How wrong I was. Of course, we have eels in England too, but these ones were big. Or they were said to be big by the locals. Some of them with long teeth and red eyes, as though they had jumped straight out of the Amazon and into Luberon.
What I’m saying is: they were something exotic. Something so outside of what I am used to. If I chose to go for a swim in a lake in England, the most terrifying thing I would expect to come across was some frogspawn. Maybe a newt. Not so in France.
But this, in many ways, sealed what I so loved about the country. In the two weeks that my family and I were there, it really felt like we were abroad. Do you know what I mean? Sometimes you go abroad, and you find more similarities with home than differences. But this was a world entirely different to our own. It was a different kind of scenery. A different kind of wildlife. A different kind of beauty.
The Beauty Of Provence Retreat
We should have known as much when we first stepped through the door of our villa. We wanted a large house to rent in order to accommodate our big family, and we found it in The Provence Retreat. This was an 18th-century farmhouse in the shadows of the Luberon mountains.
The world around us was simply… I was going to say “picturesque”, but that doesn’t quite do it justice. A picture can be anything. This was “paintingesque”.
In fact, it looked as if we had stepped into a masterpiece created by the one and only Monet. The pool glistened in the sun – a turquoise carpet rippling with green reflections from the nearby pines. The gardens – all 8,500 square metres – were beautifully landscaped, with a number of gorgeous patterns that were carved as if with a brush.
The first place I went to was the nearby vineyard. I took in the scents of glorious fruit and fresh grass. I gazed upon the mountains. I spotted a nearby hoopoe spreading its wings. Its call sounded new, fluorescent, different.
I should have known then that France was going to be a completely unique and wonderful experience. But I’m British. It takes us a little while longer to understand the quaint beauty of things. Of course, I knew the house was good, the gardens, the pool, the landscape. But beauty can so often be best found in the things that surprise us. The new experiences. The realisation that life can offer something brand new around every corner.
Southern France, Distant Galaxy
Another one of these experiences came in the food. Ah, of course, how could I have gone a whole seven hundred words and not yet mentioned the food? Well, it was plentiful. We opted to get the additional services of a chef and catering.
Once again, as a Brit, you’re resigned to thinking that the hubbub about French food is really just that. Hubbub. There’s nothing tangible to it. Their baguettes might smell like heaven, but if our bread is good enough for the King, it’s good enough for anyone.
Well, the King needs to visit Luberon.
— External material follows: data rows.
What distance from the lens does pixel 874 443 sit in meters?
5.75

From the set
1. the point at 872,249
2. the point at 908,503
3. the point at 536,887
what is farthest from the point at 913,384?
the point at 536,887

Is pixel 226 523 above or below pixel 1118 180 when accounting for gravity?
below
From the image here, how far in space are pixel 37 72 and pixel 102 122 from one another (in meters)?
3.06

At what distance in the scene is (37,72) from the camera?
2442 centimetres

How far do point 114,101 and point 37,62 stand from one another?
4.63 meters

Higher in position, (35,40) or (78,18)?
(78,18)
Honestly, the food – in this part of the country, at least – was stunning. I felt that I couldn't have flown just an hour and a half from London. I must have been in another world, another galaxy, far, far away.
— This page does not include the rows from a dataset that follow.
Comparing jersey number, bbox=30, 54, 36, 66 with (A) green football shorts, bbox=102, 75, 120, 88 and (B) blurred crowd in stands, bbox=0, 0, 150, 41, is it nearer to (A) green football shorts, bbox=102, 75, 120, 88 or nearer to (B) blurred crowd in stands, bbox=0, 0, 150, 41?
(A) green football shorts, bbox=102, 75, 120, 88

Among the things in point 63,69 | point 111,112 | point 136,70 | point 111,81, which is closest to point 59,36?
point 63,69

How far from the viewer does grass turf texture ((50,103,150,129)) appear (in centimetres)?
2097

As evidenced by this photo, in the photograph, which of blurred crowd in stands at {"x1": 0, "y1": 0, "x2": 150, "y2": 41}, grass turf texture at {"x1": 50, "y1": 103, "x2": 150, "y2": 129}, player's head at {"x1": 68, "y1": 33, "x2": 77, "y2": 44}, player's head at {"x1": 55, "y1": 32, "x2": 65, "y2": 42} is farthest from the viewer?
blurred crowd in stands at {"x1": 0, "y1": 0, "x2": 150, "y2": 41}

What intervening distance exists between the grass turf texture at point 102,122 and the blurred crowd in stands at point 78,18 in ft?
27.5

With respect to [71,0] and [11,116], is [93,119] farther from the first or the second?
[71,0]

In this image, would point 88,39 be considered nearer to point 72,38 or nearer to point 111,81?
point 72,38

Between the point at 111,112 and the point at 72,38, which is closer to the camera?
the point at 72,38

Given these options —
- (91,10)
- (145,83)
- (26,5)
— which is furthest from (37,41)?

On the last day, we went to a nearby restaurant. I had a bottle of wine from the vineyard. I sat gazing at the mountains as the sun began to set, causing cracks in the rock to glow with light. I took a glance at the menu and spotted ‘bouilleture d’anguilles’. With a non-existent French GCSE – and a feeling of giddiness derided from the pure ecstasy of our holiday – I went for it without really knowing what it was.
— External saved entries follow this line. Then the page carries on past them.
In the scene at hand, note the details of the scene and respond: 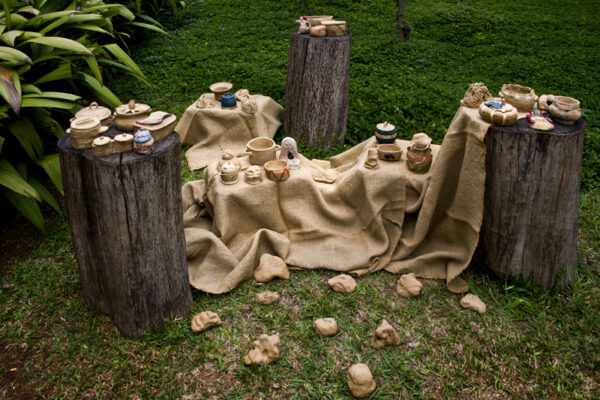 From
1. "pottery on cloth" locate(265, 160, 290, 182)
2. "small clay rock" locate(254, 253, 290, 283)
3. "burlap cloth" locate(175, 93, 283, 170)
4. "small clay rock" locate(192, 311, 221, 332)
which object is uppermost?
"pottery on cloth" locate(265, 160, 290, 182)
I must say, in terms of being in a completely different, unique, beautiful place, the interpretation of a typical British cuisine threatened to throw me. Thankfully, however, the eels weren’t in jelly. And the feeling of revenge was rather delightful.
I continued to sit in a state of bliss, and I’m sure I will be sitting in the same spot next year. Wouldn’t anyone, if a galaxy so far, far away was just a few hundred miles from their doorstep?